(Information supplied)
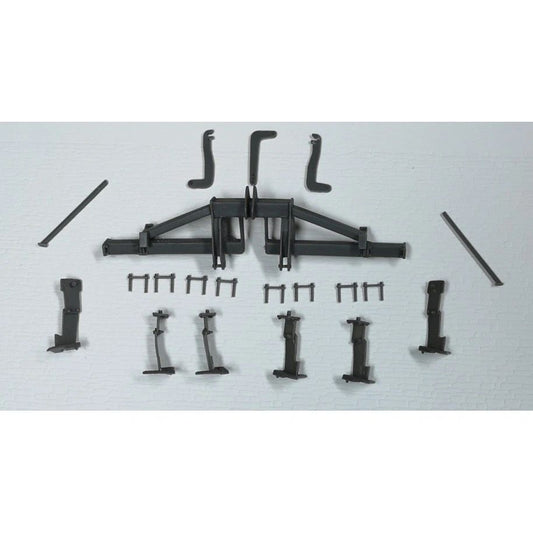 4m Combiplow 6 blades furrows kit Artisan32 farm machinery 1:32 scale 03101 Image 2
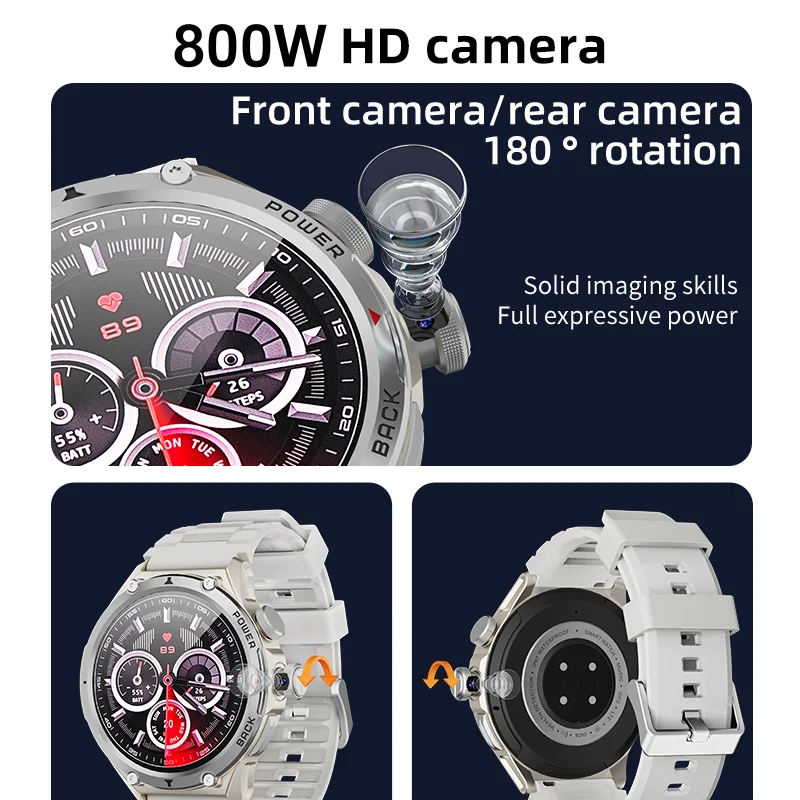 Lady 5G LTE Smartwatch with Wi - огляд і ціна Seaweed Snack
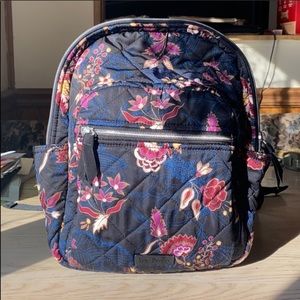 Vera Bradley small back pack with matching wallet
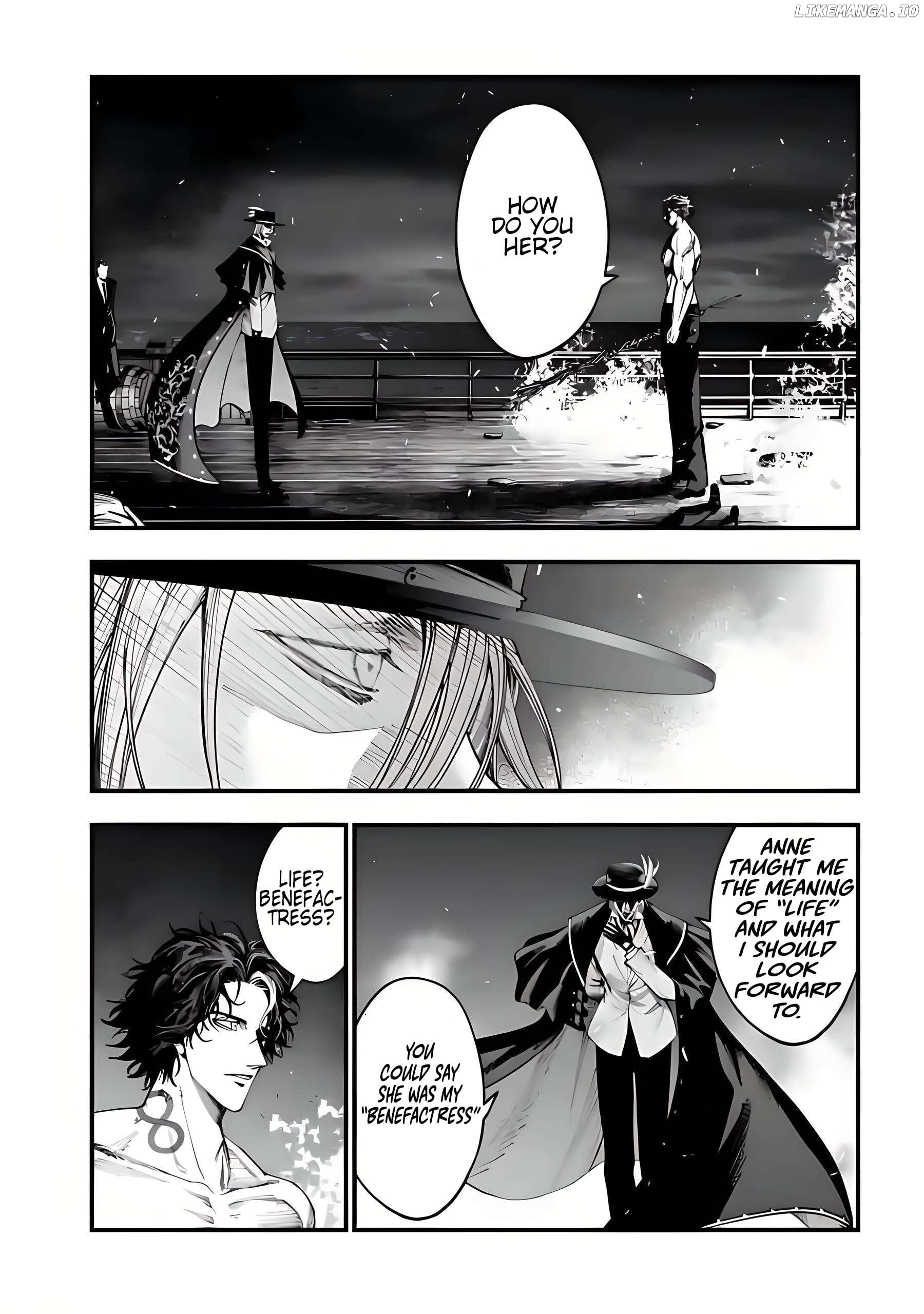 Shuumatsu no Valkyrie Kitan – Jack the Ripper no Jikenbo Chapter 21 - page 4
(End Information supplied)
-- Work instruction --
Would you retype each line above exactly and skip every image?

-- Problem solution --
 4m Combiplow 6 blades furrows kit Artisan32 farm machinery 1:32 scale 03101 Image 2
 Lady 5G LTE Smartwatch with Wi - огляд і ціна Seaweed Snack
 Vera Bradley small back pack with matching wallet
 Shuumatsu no Valkyrie Kitan – Jack the Ripper no Jikenbo Chapter 21 - page 4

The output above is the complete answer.